======== DATA SHOWN

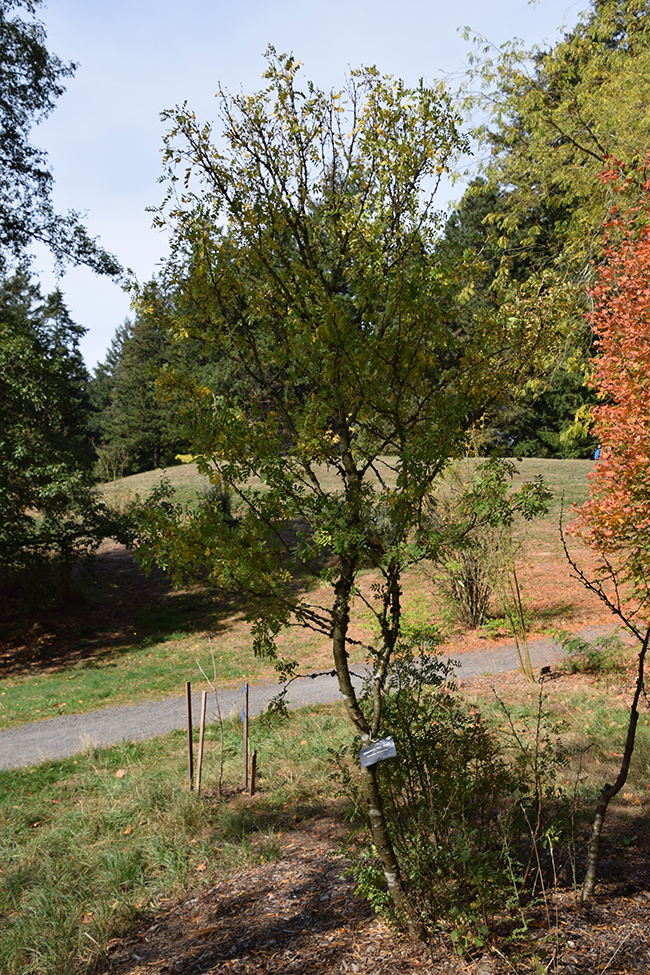 SelecTree: A Tree Selection Guide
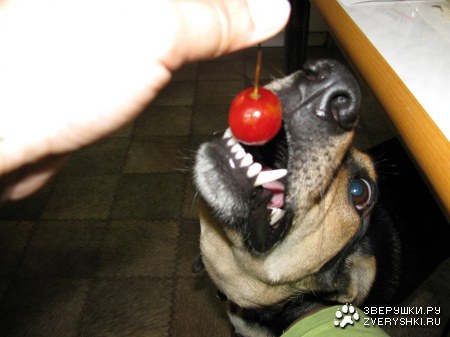 � ��� ��� �� �������! :)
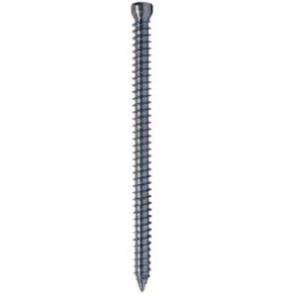 EXP concrete screw w/head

================

→ EXERCISE
Exclude all images and retype the data precisely.

→ COMPLETED EXERCISE
 SelecTree: A Tree Selection Guide
 � ��� ��� �� �������! :)
 EXP concrete screw w/head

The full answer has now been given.